Oil pricing under different lease royalty clauses

A Texas mineral receivership has distributed to me a partial interest in a lease that a decade ago was executed on behalf of several supposedly “missing” mineral owners, including me. When I learned of the receivership, I filed with the court a claim for my accumulated royalties and ongoing interest, and thus I now hold a partial assignment of the lessor’s (receiver’s) interest in the lease. The lease is what the developer proposed to the court when it filed the receivership action, and it was approved by the court without any negotiations, of course. I have several questions about the lease terms and the royalty statements that are now coming directly to me from the current operator (itself a recent assignee of the lease).

The royalty clause in the receivership lease is drafted as a fraction (3/16) of the “net amount received by Lessee for the sale of the oil” at the time it is taken from the storage tanks. However, in other leases for the same tract, independently granted by some of the other undivided mineral owners (distant family relatives), the royalty clause is based on the “highest posted price” in the “general area posted market price” as of the day it is run into the storage tanks. I read somewhere that the first approach is more typical when the expectation is that a well drilled under the lease will turn out to be primarily a gas well (this well is near Eastland TX; it is producing mostly oil). Is that true? Any insights as to why different clauses were used?

Next, my royalty statement calculates the amount due based upon a single oil price for the month. Is this because once a month the gatherer pulls up his truck and empties the storage tanks, and the market price that particular day is the basis for what the operator (and eventually me) gets paid? How is pricing set in this type of situation?

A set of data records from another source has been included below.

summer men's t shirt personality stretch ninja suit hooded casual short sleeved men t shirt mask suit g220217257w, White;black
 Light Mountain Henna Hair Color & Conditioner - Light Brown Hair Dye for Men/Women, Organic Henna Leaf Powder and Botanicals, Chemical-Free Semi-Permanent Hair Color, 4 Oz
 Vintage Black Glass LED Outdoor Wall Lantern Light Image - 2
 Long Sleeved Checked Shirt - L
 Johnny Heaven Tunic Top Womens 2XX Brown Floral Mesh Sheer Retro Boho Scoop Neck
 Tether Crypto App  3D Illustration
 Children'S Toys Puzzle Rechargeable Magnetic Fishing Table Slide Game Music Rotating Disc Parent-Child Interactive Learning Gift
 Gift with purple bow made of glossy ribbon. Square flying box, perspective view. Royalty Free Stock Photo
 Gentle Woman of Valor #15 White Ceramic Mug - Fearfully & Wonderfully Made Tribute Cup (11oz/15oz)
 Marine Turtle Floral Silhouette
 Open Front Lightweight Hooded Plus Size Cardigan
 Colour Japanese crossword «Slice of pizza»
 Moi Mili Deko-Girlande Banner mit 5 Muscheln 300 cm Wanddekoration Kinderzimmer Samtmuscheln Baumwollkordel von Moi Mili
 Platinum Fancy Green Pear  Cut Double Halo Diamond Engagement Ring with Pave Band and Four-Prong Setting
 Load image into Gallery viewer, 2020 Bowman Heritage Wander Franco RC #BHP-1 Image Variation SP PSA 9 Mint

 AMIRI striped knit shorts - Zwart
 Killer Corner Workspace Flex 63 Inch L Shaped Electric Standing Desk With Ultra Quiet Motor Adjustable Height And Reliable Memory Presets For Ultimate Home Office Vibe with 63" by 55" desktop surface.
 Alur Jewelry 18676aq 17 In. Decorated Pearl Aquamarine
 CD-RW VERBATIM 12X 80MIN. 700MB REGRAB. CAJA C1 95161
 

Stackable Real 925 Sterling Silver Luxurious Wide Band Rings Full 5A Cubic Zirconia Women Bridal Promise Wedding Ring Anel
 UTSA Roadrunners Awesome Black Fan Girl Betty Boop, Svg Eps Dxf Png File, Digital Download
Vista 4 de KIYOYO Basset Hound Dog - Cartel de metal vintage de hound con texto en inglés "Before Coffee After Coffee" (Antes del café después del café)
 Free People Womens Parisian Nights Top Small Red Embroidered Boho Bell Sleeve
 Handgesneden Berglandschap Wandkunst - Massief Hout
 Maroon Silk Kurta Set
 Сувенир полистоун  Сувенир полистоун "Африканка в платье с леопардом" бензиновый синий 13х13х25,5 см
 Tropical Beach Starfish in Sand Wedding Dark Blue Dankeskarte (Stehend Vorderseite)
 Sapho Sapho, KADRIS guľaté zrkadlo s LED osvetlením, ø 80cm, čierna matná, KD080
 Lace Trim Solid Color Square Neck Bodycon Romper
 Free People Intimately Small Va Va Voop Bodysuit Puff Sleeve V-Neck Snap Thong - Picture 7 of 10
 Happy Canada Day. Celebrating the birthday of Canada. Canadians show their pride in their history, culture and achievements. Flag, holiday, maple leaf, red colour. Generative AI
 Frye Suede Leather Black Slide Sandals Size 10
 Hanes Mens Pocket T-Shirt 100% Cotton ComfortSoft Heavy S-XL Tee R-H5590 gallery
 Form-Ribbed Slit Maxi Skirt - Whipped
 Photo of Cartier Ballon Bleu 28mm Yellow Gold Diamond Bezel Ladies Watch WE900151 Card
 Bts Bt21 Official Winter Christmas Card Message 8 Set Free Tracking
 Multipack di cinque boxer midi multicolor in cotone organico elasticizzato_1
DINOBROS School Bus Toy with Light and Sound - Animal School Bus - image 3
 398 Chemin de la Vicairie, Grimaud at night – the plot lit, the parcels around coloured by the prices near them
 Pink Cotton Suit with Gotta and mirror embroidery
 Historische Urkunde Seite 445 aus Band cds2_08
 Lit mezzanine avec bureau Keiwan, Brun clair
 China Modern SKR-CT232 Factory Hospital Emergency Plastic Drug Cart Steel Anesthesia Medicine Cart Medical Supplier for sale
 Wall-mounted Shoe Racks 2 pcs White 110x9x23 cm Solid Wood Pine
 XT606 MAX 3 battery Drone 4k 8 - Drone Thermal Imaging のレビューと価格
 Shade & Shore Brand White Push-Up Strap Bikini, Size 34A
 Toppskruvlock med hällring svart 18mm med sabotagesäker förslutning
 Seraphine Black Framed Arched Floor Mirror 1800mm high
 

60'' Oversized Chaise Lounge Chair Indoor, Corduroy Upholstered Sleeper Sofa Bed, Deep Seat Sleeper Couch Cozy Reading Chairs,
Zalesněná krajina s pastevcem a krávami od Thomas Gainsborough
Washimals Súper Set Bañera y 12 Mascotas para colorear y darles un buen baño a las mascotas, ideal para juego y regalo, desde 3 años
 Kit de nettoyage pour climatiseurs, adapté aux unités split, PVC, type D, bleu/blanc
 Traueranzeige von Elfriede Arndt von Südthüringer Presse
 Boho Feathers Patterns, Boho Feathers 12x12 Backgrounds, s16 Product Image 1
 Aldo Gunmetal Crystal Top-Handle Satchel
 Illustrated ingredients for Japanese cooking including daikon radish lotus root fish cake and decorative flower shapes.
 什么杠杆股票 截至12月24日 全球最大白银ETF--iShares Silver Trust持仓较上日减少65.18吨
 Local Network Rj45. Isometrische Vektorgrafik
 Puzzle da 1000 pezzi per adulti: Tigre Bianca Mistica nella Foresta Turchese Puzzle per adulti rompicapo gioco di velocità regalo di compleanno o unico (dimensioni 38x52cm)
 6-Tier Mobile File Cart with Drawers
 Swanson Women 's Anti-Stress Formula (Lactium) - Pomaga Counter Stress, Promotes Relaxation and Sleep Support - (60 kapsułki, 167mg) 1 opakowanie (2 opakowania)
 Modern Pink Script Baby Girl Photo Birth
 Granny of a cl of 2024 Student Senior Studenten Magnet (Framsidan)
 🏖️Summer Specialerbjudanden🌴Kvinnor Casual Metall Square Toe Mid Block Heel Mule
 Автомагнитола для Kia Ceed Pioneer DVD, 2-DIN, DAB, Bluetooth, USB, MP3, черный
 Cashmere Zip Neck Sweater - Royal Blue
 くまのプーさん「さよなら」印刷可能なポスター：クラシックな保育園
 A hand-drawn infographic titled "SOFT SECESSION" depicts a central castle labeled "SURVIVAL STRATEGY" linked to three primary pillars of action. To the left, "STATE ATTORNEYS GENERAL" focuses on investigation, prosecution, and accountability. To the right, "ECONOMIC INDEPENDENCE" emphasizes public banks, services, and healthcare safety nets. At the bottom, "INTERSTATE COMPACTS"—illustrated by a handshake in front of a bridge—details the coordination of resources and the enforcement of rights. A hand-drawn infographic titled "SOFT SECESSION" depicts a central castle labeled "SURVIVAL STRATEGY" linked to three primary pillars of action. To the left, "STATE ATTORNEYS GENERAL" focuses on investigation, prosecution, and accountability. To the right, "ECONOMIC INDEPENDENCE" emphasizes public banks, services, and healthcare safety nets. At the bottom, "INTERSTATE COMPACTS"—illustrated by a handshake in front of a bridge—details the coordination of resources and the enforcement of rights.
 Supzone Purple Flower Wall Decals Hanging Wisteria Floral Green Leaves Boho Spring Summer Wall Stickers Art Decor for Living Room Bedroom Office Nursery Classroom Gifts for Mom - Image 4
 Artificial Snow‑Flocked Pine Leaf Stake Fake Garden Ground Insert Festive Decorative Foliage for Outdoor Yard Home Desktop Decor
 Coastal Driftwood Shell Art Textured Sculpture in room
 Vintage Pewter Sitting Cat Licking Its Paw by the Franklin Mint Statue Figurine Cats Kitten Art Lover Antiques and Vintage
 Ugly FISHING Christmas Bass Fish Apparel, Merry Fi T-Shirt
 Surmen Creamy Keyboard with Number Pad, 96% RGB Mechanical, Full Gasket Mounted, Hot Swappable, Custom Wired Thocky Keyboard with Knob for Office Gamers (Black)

My suspicion is that the royalties for all of us lessors are computed in the same way, regardless of the different wording in the royalty clauses. Seems to me that the second type of clause should entail daily computations reflecting the ever fluctuating oil prices. How does this really work? In general terms, is one type of clause more advantageous to the lessor or lessee?

In practical terms, what opportunity do I have to confirm or audit what the operator claims to be the monthly price? I can check volume data to see if that matches what the operator reports to the RRC, but it seems like I must take on faith what the operator claims as the revenue he “received.”

Finally, am I stuck with this lease as long as the operator keeps it alive? Any chance to obtain a new lease that is negotiated by me instead of being rubber stamped by the court?